- Your goal -
Give back every line of the data below exactly.

=== Data records ===

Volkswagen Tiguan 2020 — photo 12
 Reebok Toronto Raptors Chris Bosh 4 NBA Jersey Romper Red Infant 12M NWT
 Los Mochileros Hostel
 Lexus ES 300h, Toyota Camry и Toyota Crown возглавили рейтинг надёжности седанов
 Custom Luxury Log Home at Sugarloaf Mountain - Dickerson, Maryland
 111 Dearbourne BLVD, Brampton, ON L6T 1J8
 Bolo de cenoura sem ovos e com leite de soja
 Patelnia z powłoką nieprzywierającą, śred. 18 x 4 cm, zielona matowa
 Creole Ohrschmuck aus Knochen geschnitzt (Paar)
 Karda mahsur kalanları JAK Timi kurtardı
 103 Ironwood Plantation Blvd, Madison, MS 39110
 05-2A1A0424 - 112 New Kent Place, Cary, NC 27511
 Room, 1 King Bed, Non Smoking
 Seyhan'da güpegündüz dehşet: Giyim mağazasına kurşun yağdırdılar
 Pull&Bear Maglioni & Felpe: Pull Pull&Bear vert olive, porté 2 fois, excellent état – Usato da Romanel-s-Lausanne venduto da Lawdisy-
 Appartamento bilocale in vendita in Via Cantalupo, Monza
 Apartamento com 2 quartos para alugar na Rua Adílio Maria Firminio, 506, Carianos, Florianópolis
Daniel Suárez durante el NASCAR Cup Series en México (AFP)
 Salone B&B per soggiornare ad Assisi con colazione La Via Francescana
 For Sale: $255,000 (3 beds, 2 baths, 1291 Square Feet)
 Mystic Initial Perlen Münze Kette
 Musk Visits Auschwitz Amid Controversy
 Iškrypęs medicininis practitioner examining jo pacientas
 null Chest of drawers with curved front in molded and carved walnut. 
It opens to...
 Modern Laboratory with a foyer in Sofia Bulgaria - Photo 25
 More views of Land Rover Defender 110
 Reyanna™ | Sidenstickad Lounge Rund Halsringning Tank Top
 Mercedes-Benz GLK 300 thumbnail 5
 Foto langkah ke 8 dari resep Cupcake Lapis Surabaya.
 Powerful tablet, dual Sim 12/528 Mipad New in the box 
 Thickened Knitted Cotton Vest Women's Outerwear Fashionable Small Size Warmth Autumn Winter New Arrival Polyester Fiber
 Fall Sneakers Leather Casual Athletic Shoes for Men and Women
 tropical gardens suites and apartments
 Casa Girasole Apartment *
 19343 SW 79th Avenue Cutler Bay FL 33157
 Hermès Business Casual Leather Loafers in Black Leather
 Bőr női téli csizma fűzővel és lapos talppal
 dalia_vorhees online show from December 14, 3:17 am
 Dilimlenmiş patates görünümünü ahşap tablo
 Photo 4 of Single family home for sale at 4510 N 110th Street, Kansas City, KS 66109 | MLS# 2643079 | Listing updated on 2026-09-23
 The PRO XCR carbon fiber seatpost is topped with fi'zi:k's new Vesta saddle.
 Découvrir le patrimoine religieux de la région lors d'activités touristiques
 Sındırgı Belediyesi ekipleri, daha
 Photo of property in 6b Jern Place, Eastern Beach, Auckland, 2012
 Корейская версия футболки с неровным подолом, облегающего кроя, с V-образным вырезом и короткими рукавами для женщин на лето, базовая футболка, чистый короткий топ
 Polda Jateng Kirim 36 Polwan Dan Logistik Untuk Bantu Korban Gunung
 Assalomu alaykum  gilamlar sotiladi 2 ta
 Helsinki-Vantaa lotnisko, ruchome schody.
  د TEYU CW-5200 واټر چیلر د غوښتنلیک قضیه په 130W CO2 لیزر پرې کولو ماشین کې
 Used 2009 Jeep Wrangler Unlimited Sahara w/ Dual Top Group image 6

===

- Solution -
Volkswagen Tiguan 2020 — photo 12
 Reebok Toronto Raptors Chris Bosh 4 NBA Jersey Romper Red Infant 12M NWT
 Los Mochileros Hostel
 Lexus ES 300h, Toyota Camry и Toyota Crown возглавили рейтинг надёжности седанов
 Custom Luxury Log Home at Sugarloaf Mountain - Dickerson, Maryland
 111 Dearbourne BLVD, Brampton, ON L6T 1J8
 Bolo de cenoura sem ovos e com leite de soja
 Patelnia z powłoką nieprzywierającą, śred. 18 x 4 cm, zielona matowa
 Creole Ohrschmuck aus Knochen geschnitzt (Paar)
 Karda mahsur kalanları JAK Timi kurtardı
 103 Ironwood Plantation Blvd, Madison, MS 39110
 05-2A1A0424 - 112 New Kent Place, Cary, NC 27511
 Room, 1 King Bed, Non Smoking
 Seyhan'da güpegündüz dehşet: Giyim mağazasına kurşun yağdırdılar
 Pull&Bear Maglioni & Felpe: Pull Pull&Bear vert olive, porté 2 fois, excellent état – Usato da Romanel-s-Lausanne venduto da Lawdisy-
 Appartamento bilocale in vendita in Via Cantalupo, Monza
 Apartamento com 2 quartos para alugar na Rua Adílio Maria Firminio, 506, Carianos, Florianópolis
Daniel Suárez durante el NASCAR Cup Series en México (AFP)
 Salone B&B per soggiornare ad Assisi con colazione La Via Francescana
 For Sale: $255,000 (3 beds, 2 baths, 1291 Square Feet)
 Mystic Initial Perlen Münze Kette
 Musk Visits Auschwitz Amid Controversy
 Iškrypęs medicininis practitioner examining jo pacientas
 null Chest of drawers with curved front in molded and carved walnut. 
It opens to...
 Modern Laboratory with a foyer in Sofia Bulgaria - Photo 25
 More views of Land Rover Defender 110
 Reyanna™ | Sidenstickad Lounge Rund Halsringning Tank Top
 Mercedes-Benz GLK 300 thumbnail 5
 Foto langkah ke 8 dari resep Cupcake Lapis Surabaya.
 Powerful tablet, dual Sim 12/528 Mipad New in the box 
 Thickened Knitted Cotton Vest Women's Outerwear Fashionable Small Size Warmth Autumn Winter New Arrival Polyester Fiber
 Fall Sneakers Leather Casual Athletic Shoes for Men and Women
 tropical gardens suites and apartments
 Casa Girasole Apartment *
 19343 SW 79th Avenue Cutler Bay FL 33157
 Hermès Business Casual Leather Loafers in Black Leather
 Bőr női téli csizma fűzővel és lapos talppal
 dalia_vorhees online show from December 14, 3:17 am
 Dilimlenmiş patates görünümünü ahşap tablo
 Photo 4 of Single family home for sale at 4510 N 110th Street, Kansas City, KS 66109 | MLS# 2643079 | Listing updated on 2026-09-23
 The PRO XCR carbon fiber seatpost is topped with fi'zi:k's new Vesta saddle.
 Découvrir le patrimoine religieux de la région lors d'activités touristiques
 Sındırgı Belediyesi ekipleri, daha
 Photo of property in 6b Jern Place, Eastern Beach, Auckland, 2012
 Корейская версия футболки с неровным подолом, облегающего кроя, с V-образным вырезом и короткими рукавами для женщин на лето, базовая футболка, чистый короткий топ
 Polda Jateng Kirim 36 Polwan Dan Logistik Untuk Bantu Korban Gunung
 Assalomu alaykum  gilamlar sotiladi 2 ta
 Helsinki-Vantaa lotnisko, ruchome schody.
  د TEYU CW-5200 واټر چیلر د غوښتنلیک قضیه په 130W CO2 لیزر پرې کولو ماشین کې
 Used 2009 Jeep Wrangler Unlimited Sahara w/ Dual Top Group image 6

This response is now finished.